MERS-CoV (originally referred to as novel coronavirus or nCoV) genetic sequencing has shown that it is similar to coronaviruses found in bats and is not the same as the virus that caused severe acute respiratory syndrome (SARS) in 2003. Patients with MERS typically develop severe acute respiratory illness with symptoms of fever, cough, and shortness of breath, although some patients were reported as having only a mild respiratory illness.
The CDC has developed molecular diagnostic kits for MERS-CoV, which are being made available to state health departments. Although there are currently no travel advisories in place, the CDC is advising individuals who develop a fever and symptoms of lower respiratory illness (such as cough and shortness of breath) within 10 days of traveling from countries in the Arabian Peninsula or neighboring countries to see their health care providers and mention their recent travel. State and local health departments are advised to report patients under investigation (PUI) for MERS-CoV to CDC. These include patients who have all of the following characteristics:
• Acute respiratory infection, which may include a fever greater than or equal to 38° C and cough.
• Suspicion of pulmonary parenchymal disease.

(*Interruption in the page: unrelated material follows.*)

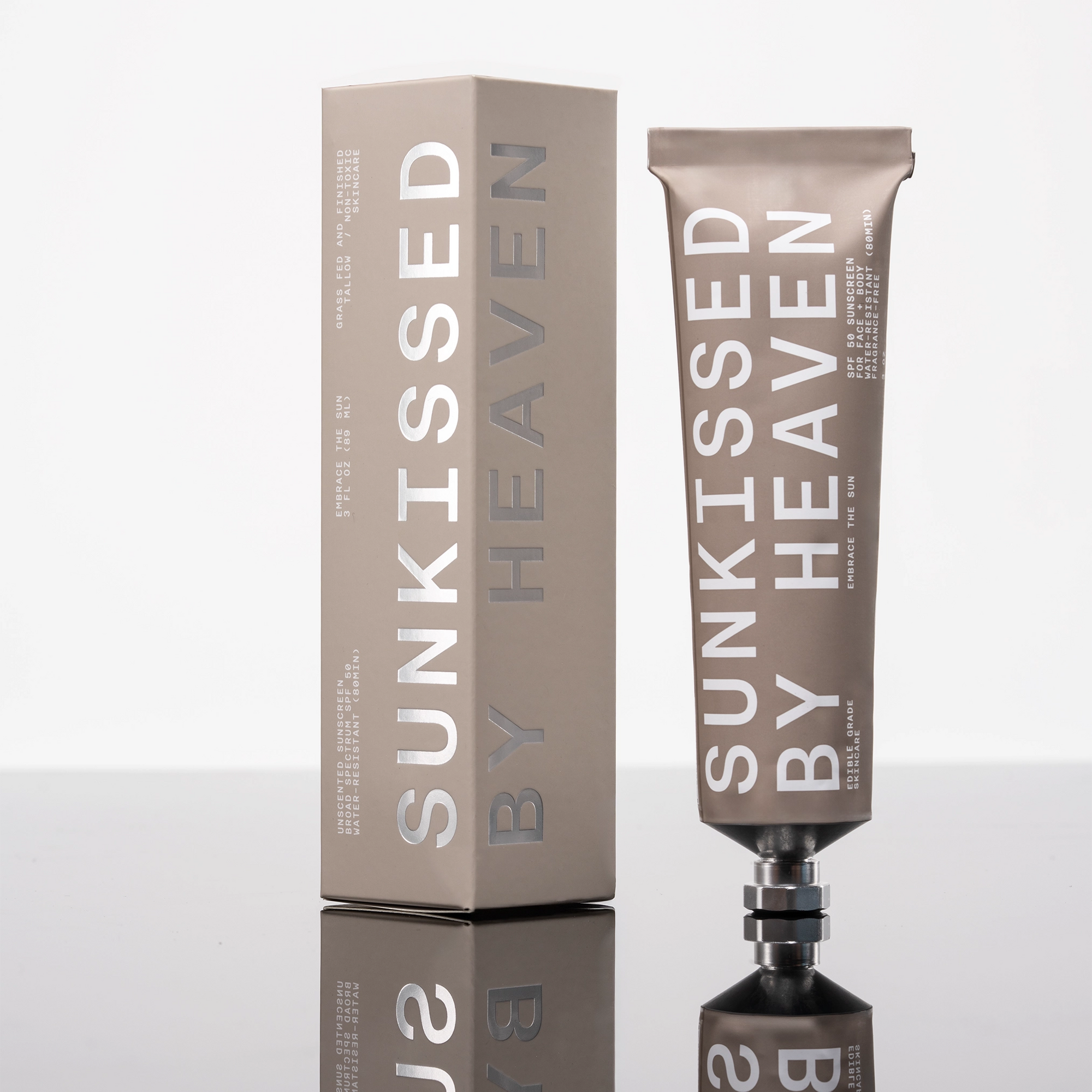 A metallic tube and matching box labeled "Tallow Sunscreen SPF 50" by Faire stand upright on a glossy surface, highlighting this sensitive skin sunscreen against a crisp white background.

• A history of travel from the Arabian Peninsula and neighboring countries (Bahrain, Iraq, Iran, Israel, Jordan, Kuwait, Lebanon, Oman, Palestinian territories, Qatar, Saudi Arabia, Syria, the United Arab Emirates, and Yemen).
• No other etiology for the illness, including all clinically indicated tests for community acquired pneumonia.
Interim guidance documents for health care providers, health departments, and laboratories are available on the CDC website.
As yet, CDC officials have issued no travel advisories for the countries in which MERS has been detected, and they reported that they are in the process of discussing the development of possible vaccines with industry.